Let $(X, d)$ be a metric space. For any point $x ∈ X$ and any non-empty compact subset $A ⊆ X$, let $$ d(x, A) = \inf \{ d(x, a) \mid a \in A \}. $$ For any sequence of such subsets $A_n ⊆ X, n ∈ \mathbb{N}$, the Kuratowski limit inferior (or lower closed limit) of $A_n$ as $n → ∞$ is $$\begin{align*} \mathop{\mathrm{Li}}_{n \to \infty} A_{n} &= \left\{ x \in X \;\left|\; \limsup_{n \to \infty} d(x, A_{n}) = 0 \right. \right\}\\ &= \left\{ x \in X \;\left|\; \begin{matrix} \mbox{for all open neighbourhoods } U \mbox{ of } x, \\ U \cap A_{n} \neq \emptyset \mbox{ for large enough } n \end{matrix} \right. \right\}; \end{align*} $$ and the Kuratowski limit superior (or upper closed limit) of $A_n$ as $n → ∞$ is $$\begin{align*} \mathop{\mathrm{Ls}}_{n \to \infty} A_{n} &= \left\{ x \in X \;\left|\; \liminf_{n \to \infty} d(x, A_{n}) = 0 \right. \right\}\\ &= \left\{ x \in X \;\left|\; \begin{matrix} \mbox{for all open neighbourhoods } U \mbox{ of } x, \\ U \cap A_{n} \neq \emptyset \mbox{ for infinitely many } n \end{matrix} \right. \right\}.\end{align*} $$

The second part of each definition is purely topological and has nothing to do with metric.
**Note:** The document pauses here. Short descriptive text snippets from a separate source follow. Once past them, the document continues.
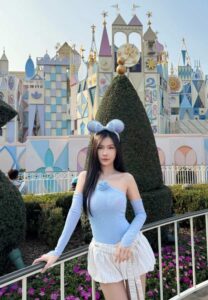 NungNing Alisa-024-Pretty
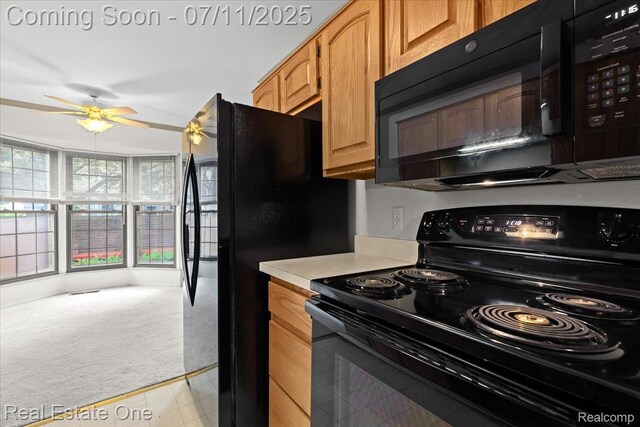 22302 Pondview, Novi, MI 48375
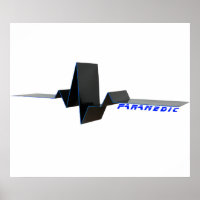 Paramètre EKG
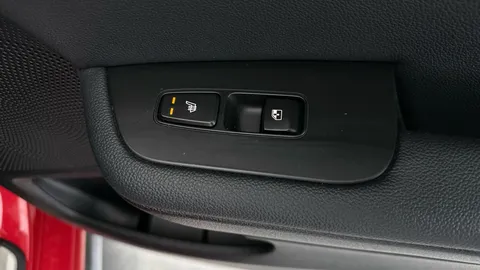 Thumbnail image for the Kia Ceed 1.5 T-GDi GT-Line S   DCT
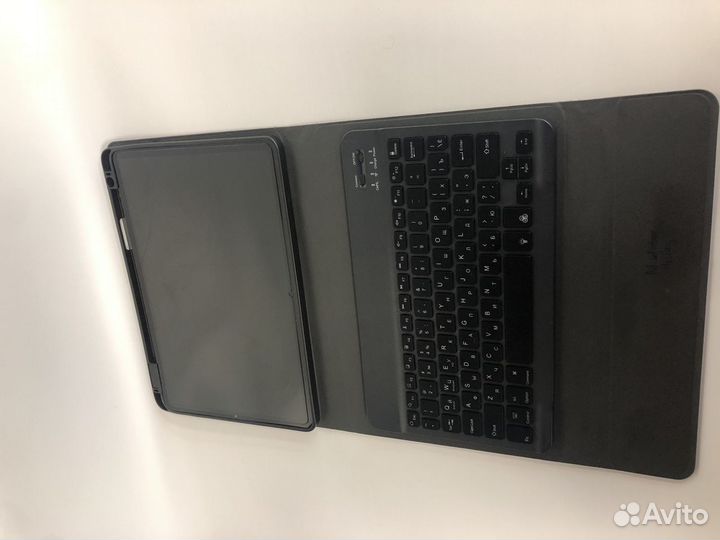 К.1831 Планшет Xiaomi PAD 5 6/128 gb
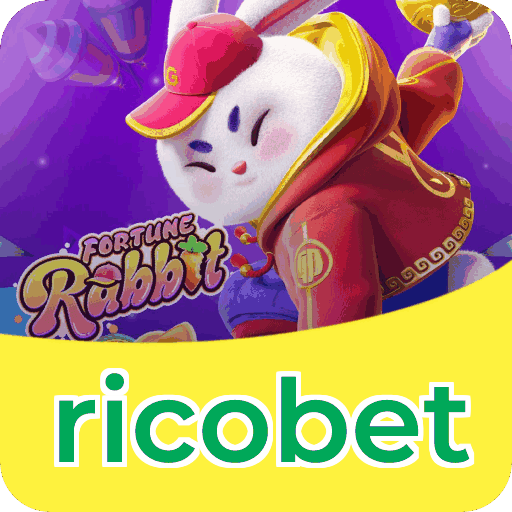 Cashback Semanal ricobet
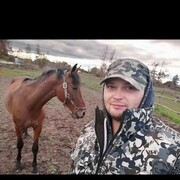  ,  Dmitry, 34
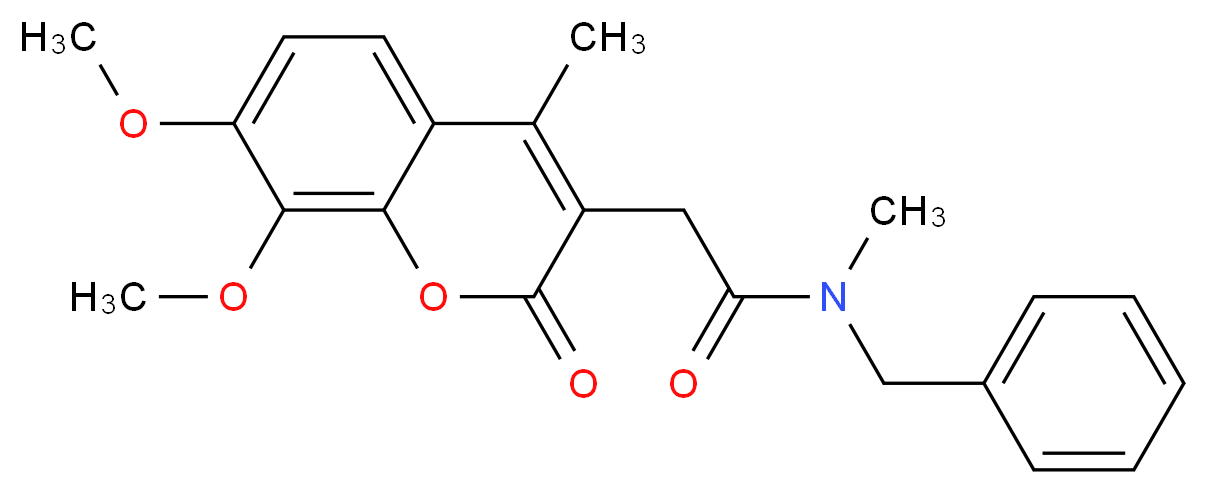 164273514 molecular structure
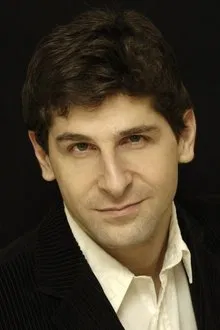 Nicolas Rigas profile picture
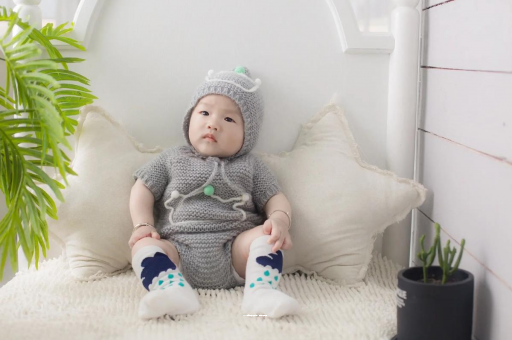 伊犁2024周口试管婴儿助孕公司，谨防上当，安全助孕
So I try to represent them using operations on subsets, such as union, intersection, closure, interior, .... Questions:

  1. Is it correct that:

    • "For all open neighbourhoods $U$ of $x$, $ U \cap A_{n} \neq \emptyset$" is equivalent to $x \in \mathrm{closure}(A_n)$?

    • So $$ \left\{ x \in X \;\left|\; \begin{matrix} \mbox{for all open neighbourhoods } U \mbox{ of } x, \\ U \cap A_{n} \neq \emptyset \mbox{ for large enough } n \end{matrix} \right. \right\} = \cup_{i=1}^\infty \cap_{n=i}^\infty \mathrm{closure}(A_n), $$ and $$ \left\{ x \in X \;\left|\; \begin{matrix} \mbox{for all open neighbourhoods } U \mbox{ of } x, \\ U \cap A_{n} \neq \emptyset \mbox{ for infinitely many } n \end{matrix} \right. \right\} = \cap_{i=1}^\infty \cup_{n=i}^\infty \mathrm{closure}(A_n)? $$

  2. I don't think they are the same as those provided by Andre, since here there is no taking closure after taking union to make the results to be closed. But this is contrary to the linked Wikipedia article:

    $\mathop{\mathrm{Li}}_{n \to \infty} A_{n}$ and $\mathop{\mathrm{Ls}}_{n \to \infty} A_{n}$ are always closed sets in the metric topology on $(X, d)$

    Which one is right, Wikipedia or I?

  3. How can it be shown that the first one in part 1 is $\left\{ x \in X \left| \limsup_{n \to \infty} d(x, A_{n}) = 0 \right. \right\}$, and the second is $\left\{ x \in X \left| \liminf_{n \to \infty} d(x, A_{n}) = 0 \right. \right\}$?

Thanks and regards!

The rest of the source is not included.